* _DIRECTIONS_
Retype each record below word for word, pictures excluded.

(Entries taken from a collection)

------

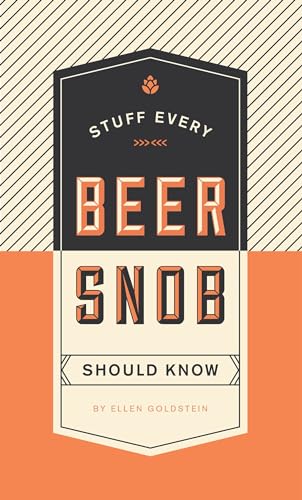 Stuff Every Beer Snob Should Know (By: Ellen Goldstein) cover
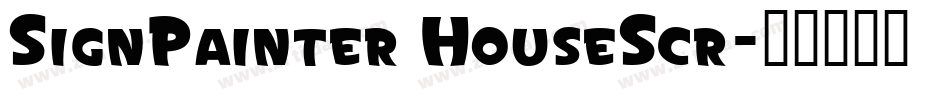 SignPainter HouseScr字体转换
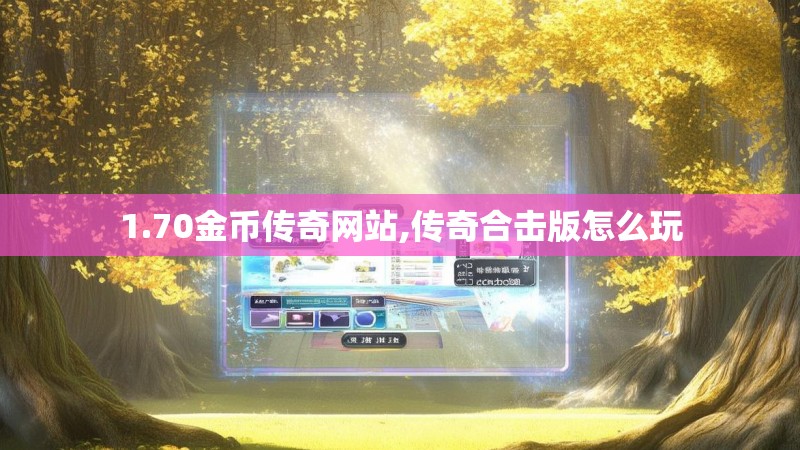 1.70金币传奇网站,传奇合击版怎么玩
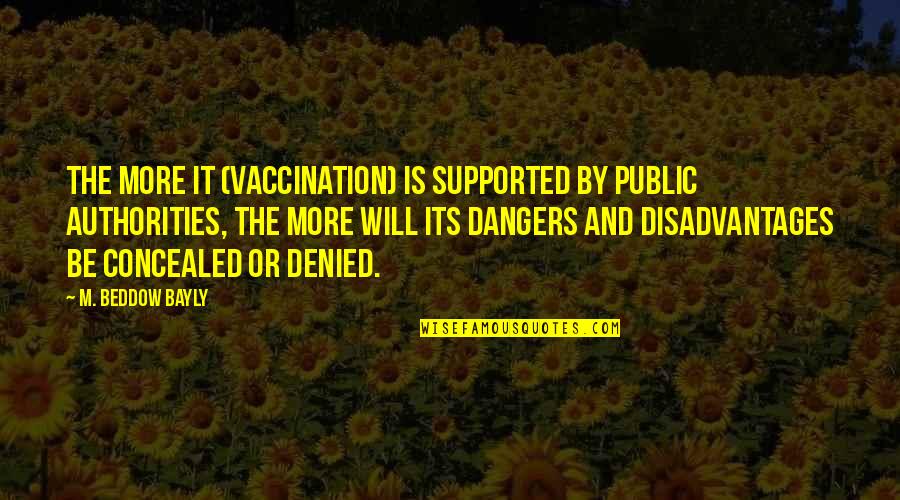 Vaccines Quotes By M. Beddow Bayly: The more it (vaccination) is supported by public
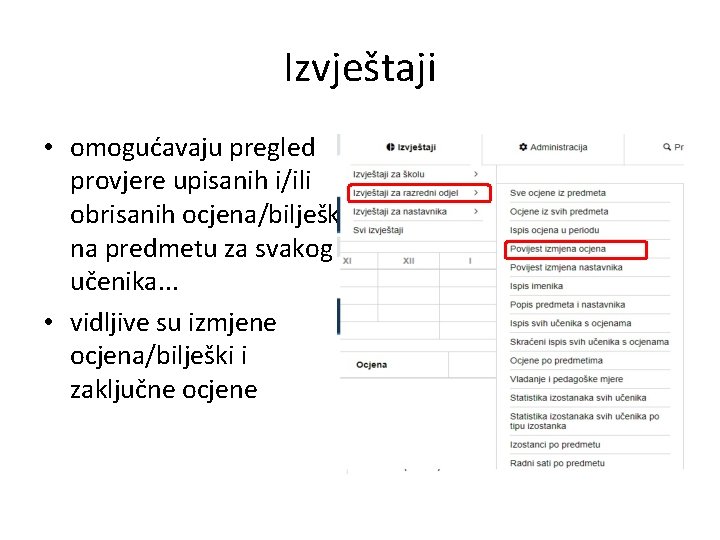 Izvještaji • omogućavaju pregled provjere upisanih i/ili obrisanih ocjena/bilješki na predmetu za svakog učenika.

------

* _REPLY_
 Stuff Every Beer Snob Should Know (By: Ellen Goldstein) cover
 SignPainter HouseScr字体转换
 1.70金币传奇网站,传奇合击版怎么玩
 Vaccines Quotes By M. Beddow Bayly: The more it (vaccination) is supported by public
 Izvještaji • omogućavaju pregled provjere upisanih i/ili obrisanih ocjena/bilješki na predmetu za svakog učenika.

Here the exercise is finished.